What I've taken into myself this summer is a lesson on self-committment. After John and I broke up I pretty much lost my shit. Meex said she's never seen me so emotional over a partner, not even after 4 years of abuse and ego-damage with Aaron. I think the reason for this is because, for the first time in my adult life, I was honest, faithful, and vulnerable to myself and my partner. I allowed myself, for the first time, to really fall in love. It's sad to say that, at 30 years old, I've only been in love once, and to a man who really didn't deserve it.

All I can say is that this heartbreak, as boring as it is, changed me, for better or worse. I'm done with loving others just for the sake of loving them. I'm done with giving myself wholly to people in hopes that they will honor my attempt with similar respect and courtesy. i'm done trying to live my life good for other people. William Blake wrote "Love seeketh not itself to please" which i totally believed in until this summer. Now I think love seeketh only itself to please because it cannot please others until itself is satisfied. i know this is a tangent, and i'm still trying to figure things out, but i'm working on it.

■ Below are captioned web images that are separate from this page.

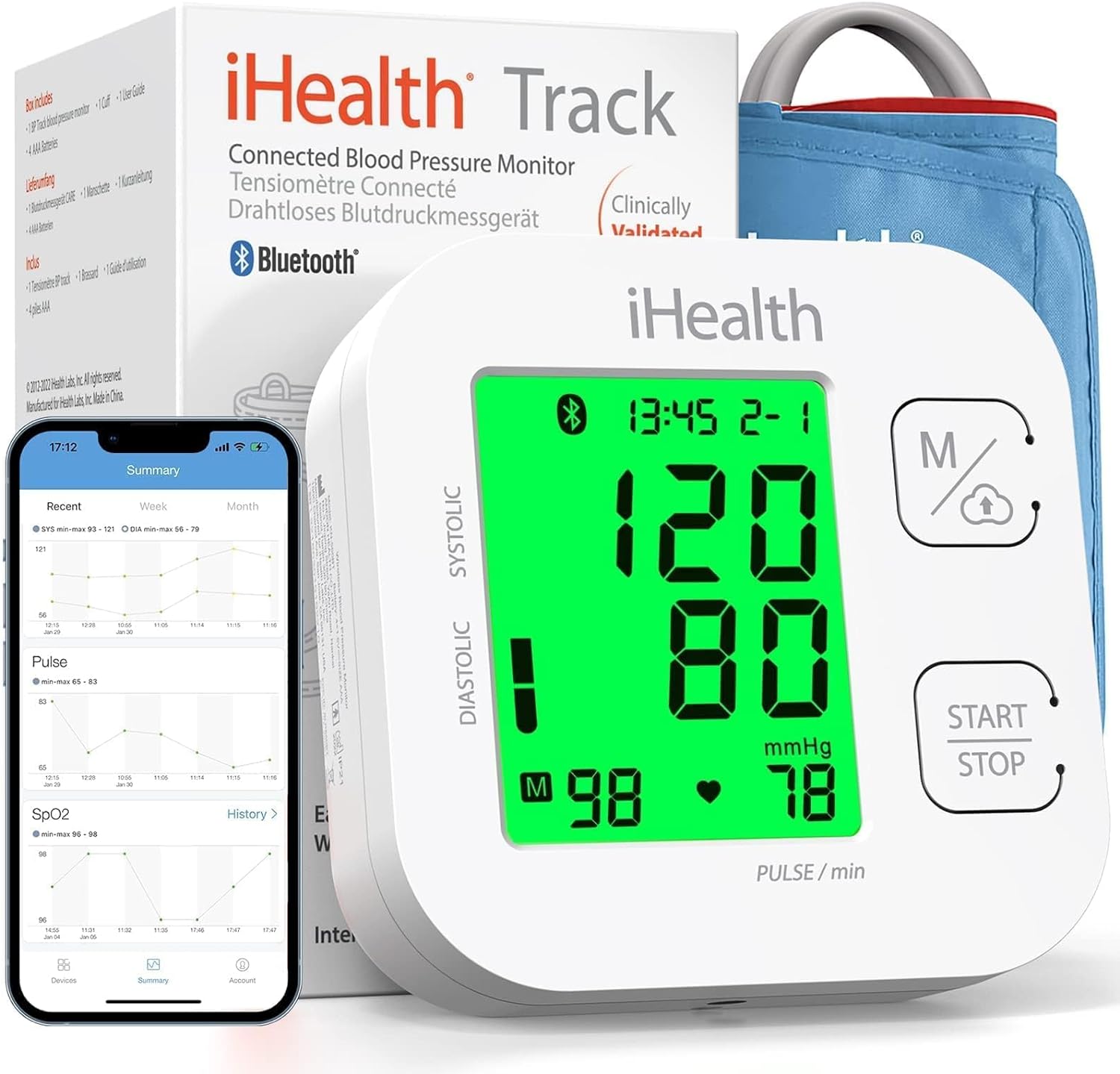 iHealth Smart Blood Pressure Monitor - Fits Wide Arms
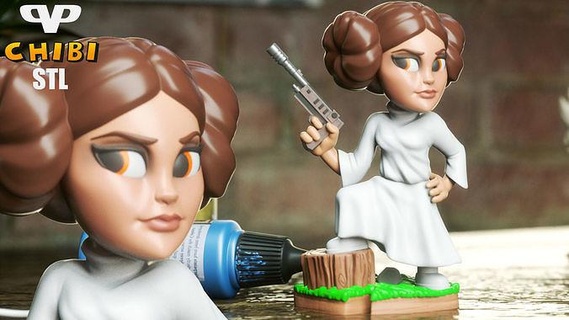 prenses Leia Chibi stl 3d baskı chibistl 3dxm hayret Birleşik homebrew oyunlar oyuncaklar 3d print model - Mito3D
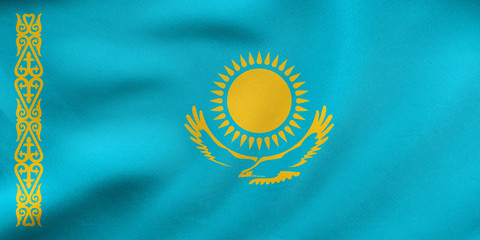 Flag of Kazakhstan waving, real fabric texture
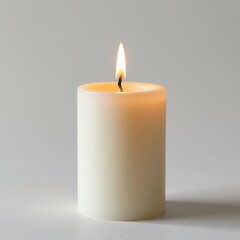 Simple White Candle with Flame on Neutral Background, Perfect for Relaxation, Meditation, and Ambiance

I'm done with a lot of bullshit, including others who live their lives for fear of God or fear of death. I told a certain friend of mine that I like him because he gives me freedom, which most people cannot do because they're afraid. He asked afraid of what and I said afraid of being inferior, being left behind, or being hurt. Giving another person complete freedom requires strength and confidence. He said he never thought of it like that and, honestly, neither had I til that moment. Cormac McCarthy wrote "they only fear dying in bed" and he didn't mean it as in afraid of dying while fucking, he meant fear that they would die in their sleep, while they were not out living. I think, if I'm going to pick any fear to have from now on, that will be it.